Face aux affirmations « 100% écologique » sans nuances, exigez des fournisseurs les Analyses de Cycle de Vie (ACV) certifiées par organisme indépendant. Privilégiez labels reconnus (Ecolabel Européen, Ange Bleu) et vérifiez disponibilité des filières de recyclage sur votre territoire avant achat. Le taux de recyclage théorique (80-90%) diffère du taux effectif constaté (40-60% selon CITEO).

Des études récentes soulèvent d’autres interrogations. Comme le souligne l’analyse publiée par Zero Waste France en janvier 2026, le revêtement plastique des gobelets en carton peut, sous l’effet de la chaleur, libérer des microplastiques et substances chimiques (étude Patra et al., 2024). La production annuelle nationale de papier et carton est estimée à 6,5 millions de tonnes, dont 70% dédiées aux emballages. Cette pression sur les ressources forestières, même certifiées FSC, rappelle que la substitution matériau par matériau ne résout qu’une partie du problème.
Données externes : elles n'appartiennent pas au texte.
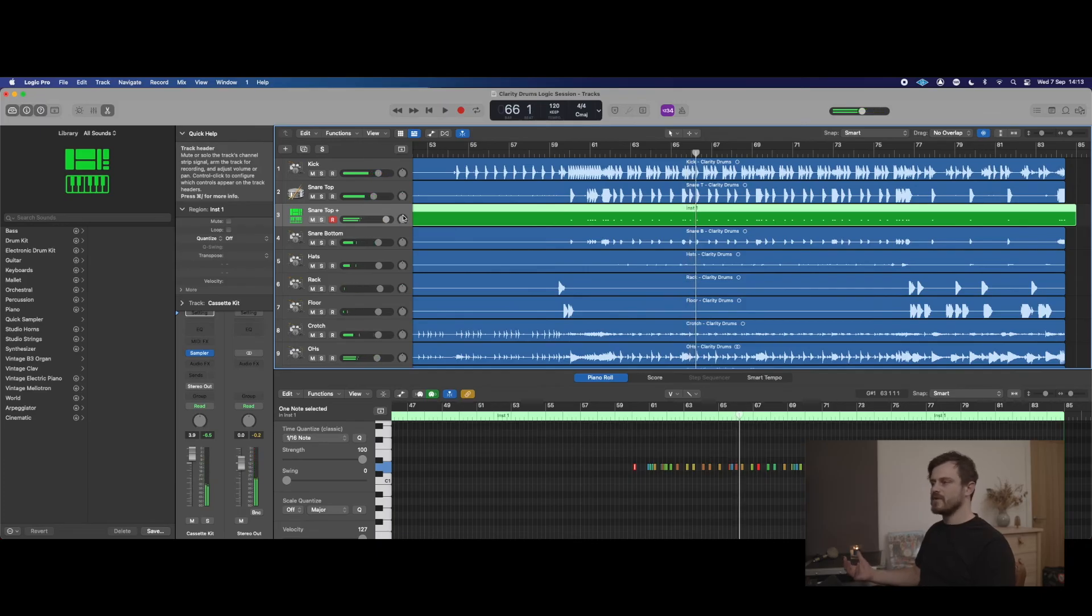And that sample's got a great room sound, a great attack to it. Once again, we've managed to use MIDI to trigger our drum samples, allowing us to have more control over elements like velocity, elements like timing if we need it, and elements like what hits we want to be triggered and what hits we don't want to be triggered.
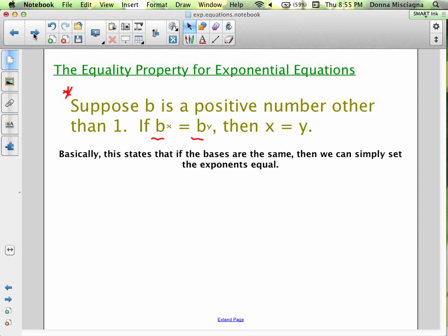This is in your notes. Suppose b is a positive number other than one. If you have b to the x equals b to the y — a base raised to some power involving a variable on each side — the only way that could be true is if the exponents are equal, that is, if x equals y. Basically, if the bases are the same, we can simply set the exponents equal, because the only way the same base raised to two different powers are equal is if those powers are equal. These are actually pretty easy to solve.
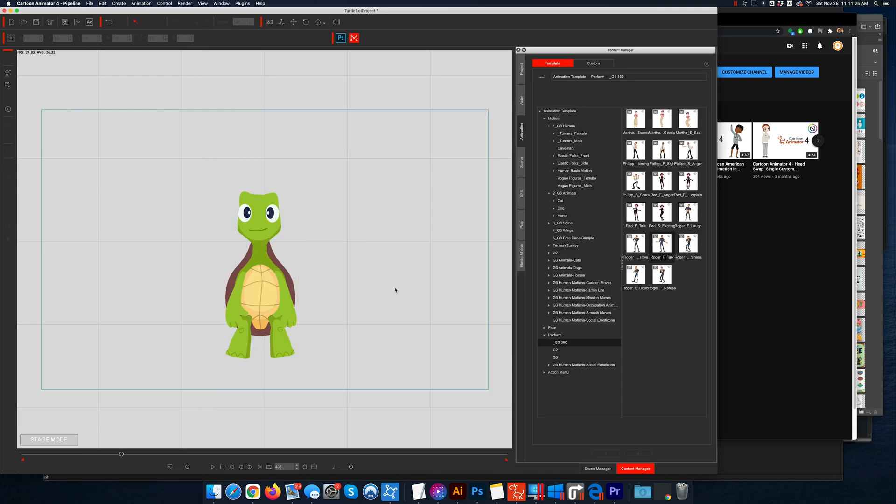But I'm super excited to go through this course with you and make all these materials available for you and teach you not only how to rig and set up a character, but we're going to learn Photoshop, we're going to learn Illustrator, we're going to learn how to use Cartoon Animator 4.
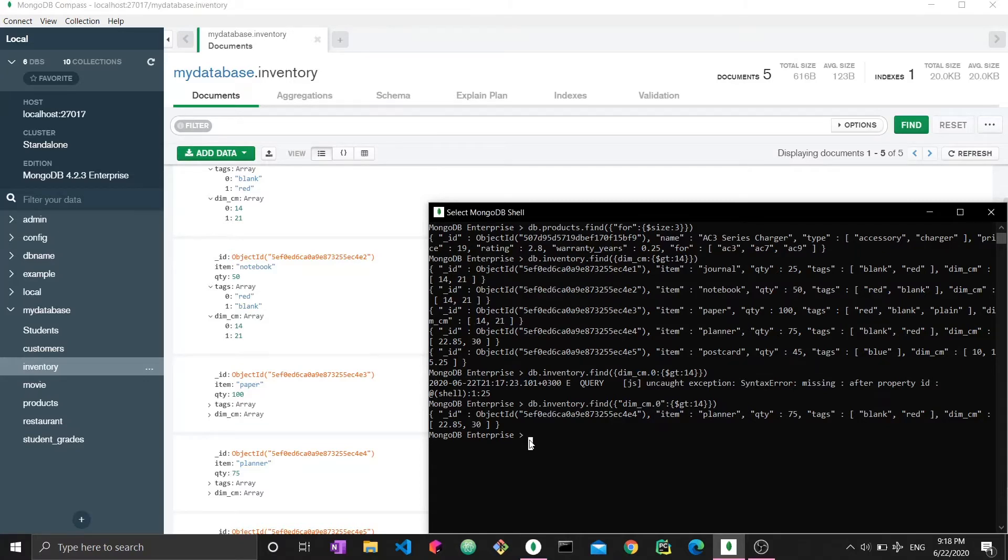Stay tuned for the next video. We're going to discuss queries on embedded documents. So the nested documents.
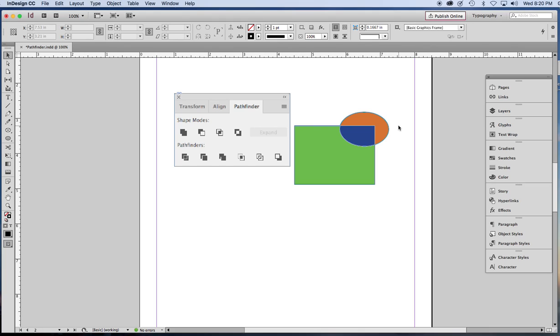So there you have it. The Adobe Pathfinder function in both InDesign and Illustrator.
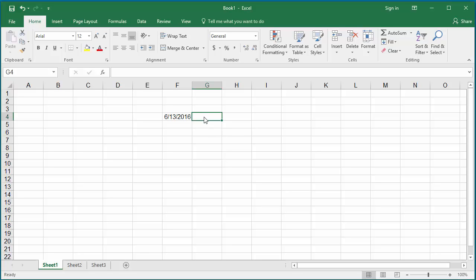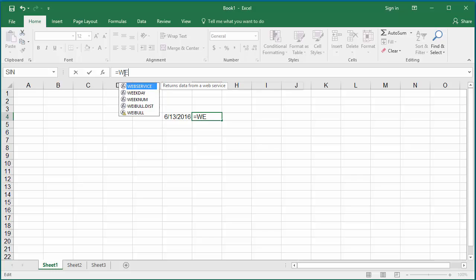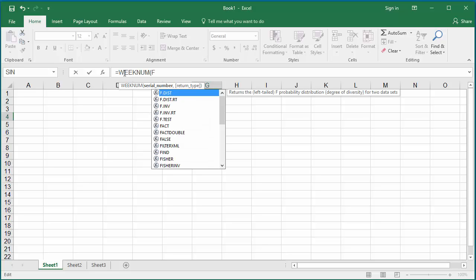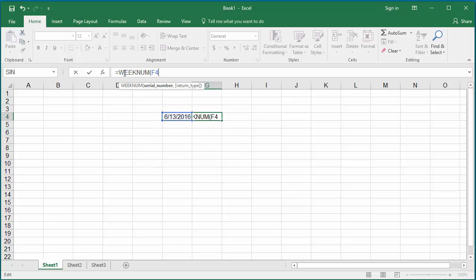In the formula bar, type equal to the function WEEKNUM within parenthesis. Enter cell number F4, which contains the date for which you want to find the week number.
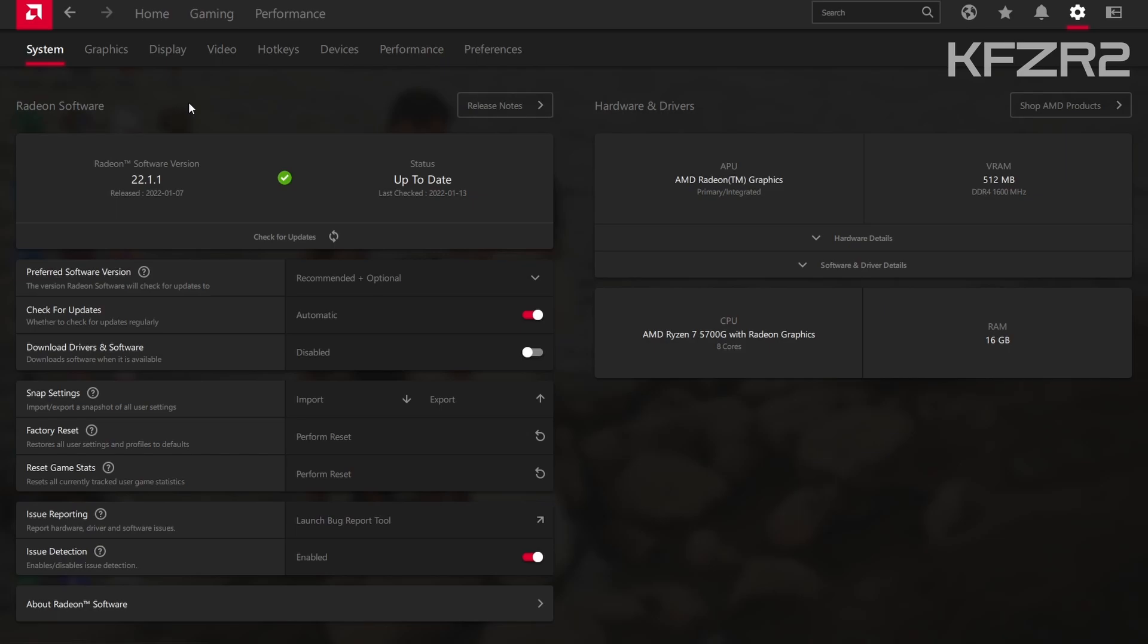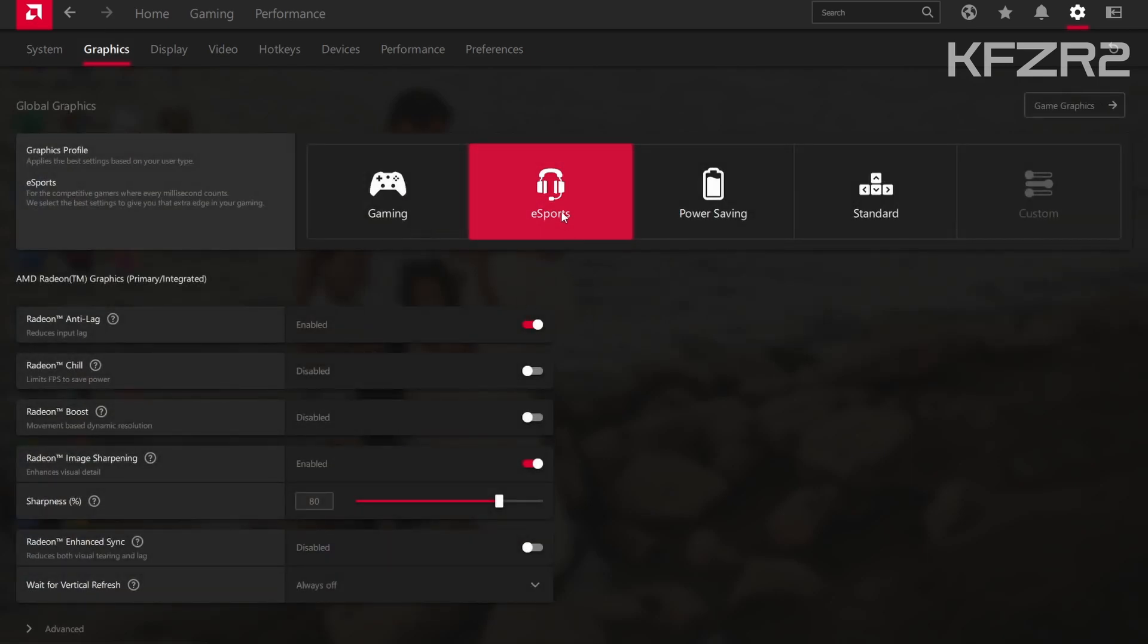I didn't notice a huge difference in Vanguard, but I did notice an increase of about 15 FPS in Apex Legends. Just to show you what I have set up. If you go under graphics right here, I have it on eSports and this is what I put together and it did work quite a bit better.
Cas pratique : Festival éco-responsable et contamination des flux

Un festival de 5000 personnes adopte les gobelets carton pour respecter ses engagements environnementaux. Le surcoût par rapport au plastique est assumé, mais la logistique de collecte et de tri pendant l’événement révèle une friction majeure : la contamination massive des gobelets par résidus alimentaires rend le recyclage inefficace. La solution mise en œuvre : bornes de tri dédiées avec signalétique visuelle claire, sensibilisation du public via annonces régulières, et partenariat avec un collecteur spécialisé assurant un traitement adapté. Résultat : taux de recyclage effectif passé de 35% à 68% entre deux éditions.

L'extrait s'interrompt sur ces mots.